Candidates for outpatient cervical cryotherapy are patients with smaller lesions that do not enter the cervical os. Large lesions (over 1" in diameter, more than 1/2" from the os, or involving more than two cervical quadrants), even if they are only mild dysplasia, may be more appropriate loop or laser therapy candidates than a small focal severe dysplasia that may respond to ambulatory cryotherapy very well. (4) Large lesions, lesions that enter the cervical os, or CIN 3 / CIS lesions are most appropiately treated with LEEP or laser therapy.

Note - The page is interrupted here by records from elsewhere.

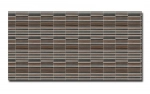 Spritzschutz Küche Acrylglas Mosaikfliesen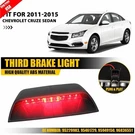 High Mount Led 3RD Brake Stop Light For Chevrolet Cruze Sedan 2011-2015 95229983. Fixed Price $32.29.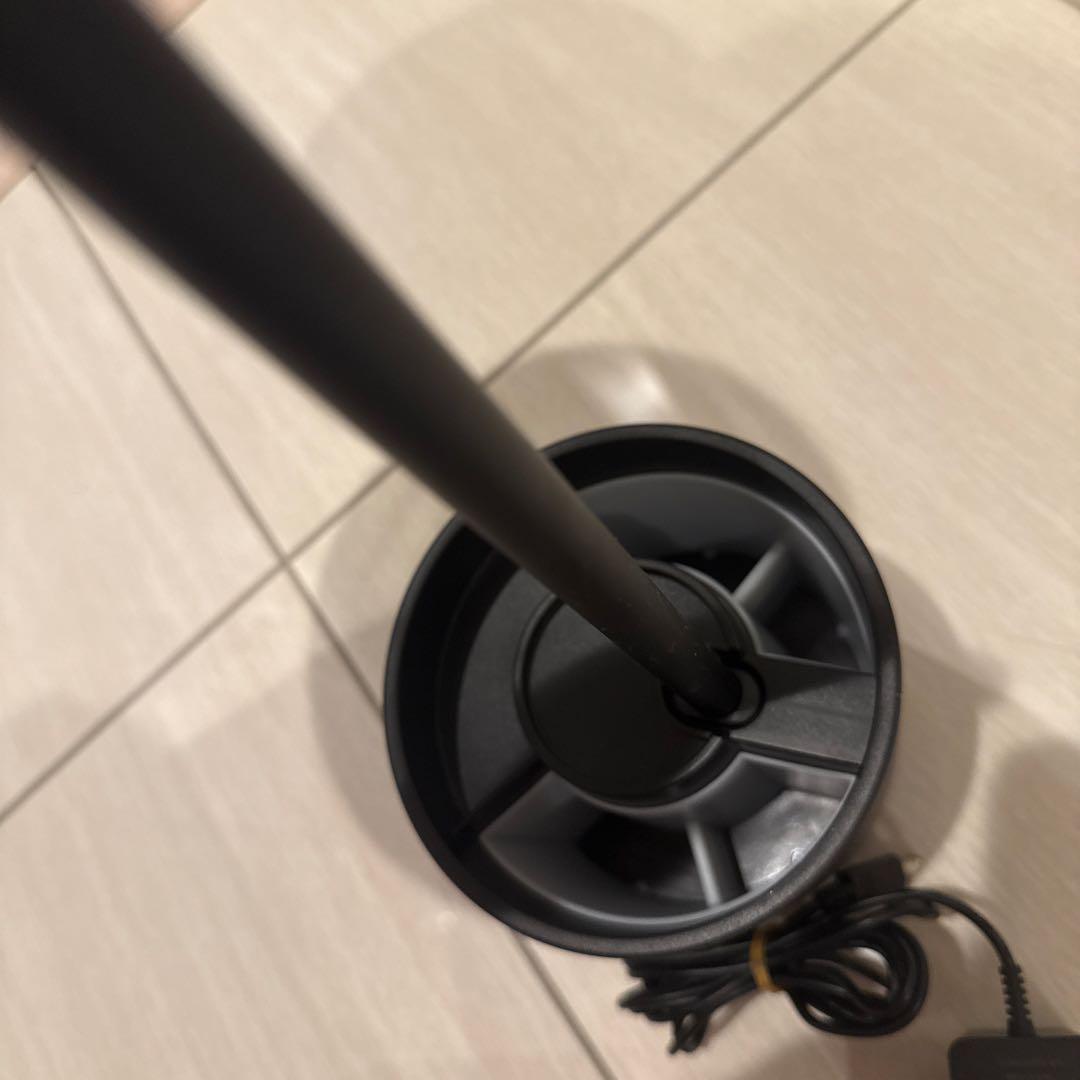 バルミューダ　ライト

Follow-up after treatment is in 4- to 6-month intervals for 2 years, with colposcopy or colposcopy intersperced with Pap smears. Recurrence is most common in the first 2 years after therapy. Recurrences are most common in the os and on the outside margins. A positive margin on a LEEP specimin requires colposcopic follow-up.

References:

1. Newkirk GR, Granath BD. Teaching colposcopy and androscopy in family practice residencies. J Fam Pract 1990; 31:171-8.

2. McCord ML, Stovall TG, Summitt RL, Ling FW. Discrepancy of cervical cytology and colposcopic biopsy: Is cervical conization necessary? Obstet Gynecol 1991; 77:715-9.

3. Sadan O, Frohlich RP, Driscoll JA, Apostoleris A, Savage N, Zakust H. Is it safe to prescribe hormonal contraception and replacement therapy to patients with premalignant and malignant uterine cervices? Gynec Oncol 1986; 34:159-63.

4. Brotzman GL, Apgar BS. Cervical intraepithelial neoplasia: Current management options. J Fam Pract 1994; 39:271-8.

5. Reid R, Campion MJ. HPV-associated lesions of the cervix: Biology and colposcopic features. Clin Obstet Gynecol 1989; 32:157-79.

6. Reid R, Scalzi P. Genital warts and cervical cancer. VII. An improved colposcopic index for differentiating benign papillomaviral infections from high-grade cervical intraepithelial neoplasia. Am J Obstet Gynecol 1985; 153:611-8.

7. Stafl A, Wilbanks GD. An international terminology of colposcopy: Report of the nomenclature committee of the International Federation of Cervical Pathology and Colposcopy. Obstet Gynecol 1991; 77:313-4.